I've been thinking a lot about celebrations recently. It's part of the New Zealand culture that celebrations shouldn't be (too) over the top, and that we should pay tribute to, or at least be thoughtful of, the unlucky amongst us, whether it is a sporting event, career achievement, or anything else we might be celebrating. Fair play and humility are important to us.
Perhaps that's why I feel I am less willing to keep silent when it is perfectly legitimate to talk about my losses, or my situation. I've written about this before, four years ago, in Practising Self-Compassion
. I don't think that we need to keep silent, for fear of upsetting other people or diminishing their happiness. Because our feelings are just as important as those of other people.
I'm writing this after reading Loribeth's post
about wondering how to acknowledge the anniversary of losing Katie this year, because on the exact same date her nephew and wife are having an OB-GYN appointment for their pregnancy. She's a nice person - she doesn't want to upset them. Society tells us that we are supposed to put other people's happiness before our own grief. We feel it is unfair to ask others to ever-so-slightly subdue their own
feelings about their good news, when their celebrations - sometimes
gloating - can cut us to the core, or kick us when we are down. When actually, the fact that someone might think twice about celebrating, or how they celebrate, in front of us is not a bad thing. They can whoop and cheer behind closed doors, with other family and friends. They will have plenty of people celebrating with them. Their joy will not be diminished. But if it is, with an awareness of how bad it might make others feel, is that a bad thing? I personally don't think so. I think it can be a teaching moment, and contributes to a better, more thoughtful, world.
I think - as I said in the comments to Loribeth's post, and as I've said here before too - that this is one of the reasons why pregnancy loss and infertility are so misunderstood. We don't talk about it because we put other people's feelings before our own. That's what Loribeth is doing, because she is a lovely, thoughtful person, and because she adores her nephew. But her loss was huge, and deserves recognition. At the very least, she deserves to show herself self-compassion, and allow herself and her husband to honour Katie and their loss in the way that feels right for them.

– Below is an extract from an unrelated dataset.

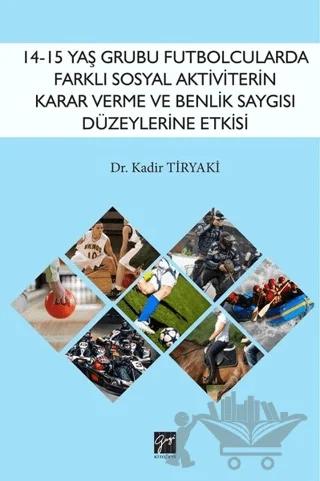 14-15 Yaş Grubu Futbolcularda Farklı Sosyal Aktiviterin Karar Verme ve Benlik Saygısı Düzeylerine Etkisi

The thing is, I often think that we worry that our news or situations or sometimes our very presence will bring people down. Whereas I think the reality is that, unless someone has been through what we have been through, they don't recognise the pain of individual days, or events, and they are easily able to dismiss our situations because "it won't happen to them."
The reality, I believe, is that if she posts about Katie, and her nephew and their wife see it, two things may happen:
a) they will feel compassion for Loribeth and her DH, I'm sure, and
b) they may feel increased anxiety about their pregnancy, for an hour or two
If they get good news, as we all hope they will, they'll either
a) forget any small sliver of anxiety, and/or
b) feel even more grateful that they have a healthy pregnancy.
The one thing I'm confident of is that they will be surrounded by the good wishes and shared joy of family and friends, including Loribeth and her husband.
If the couple get bad news at their appointment:
a) they will worry, feel anxious or grieve regardless of what was said or not said earlier, and
b) they will have been reminded that they have an uncle and aunt who understand, and who will be there to support them.
Victory and defeat, joy and grief, celebration and commiseration don't
have to be mutually exclusive. The bad things don't need to be hidden. The good things in life can be even more precious when the bad things are openly known, are talked about, and are mourned.
Of course, it's easy for me to say. I don't have this particular dilemma. But I'll admit that I'm tired of us always being the ones who have to tiptoe around others, who have to swallow the slights, the casual thoughtless remarks, who have to make allowances when we are hurt. I'm tired of squashing my feelings in the interests of "being polite," when it is not reciprocated. I don't think an occasional, polite, diplomatic mention of my own circumstances is inappropriate. In fact, I will defend it strongly.
I hope that whatever any of us would decide to do in similar circumstances, we are reassured by the knowledge that this loving No Kidding community of women and men will give support and understanding, and that we will our needs - the needs of the minority - will always, in this space, come first. As I said above, there are plenty ready to be cheerleaders for the majority, and to celebrate the unbridled joy (we sincerely hope) of those lucky enough never to feel this particular loss.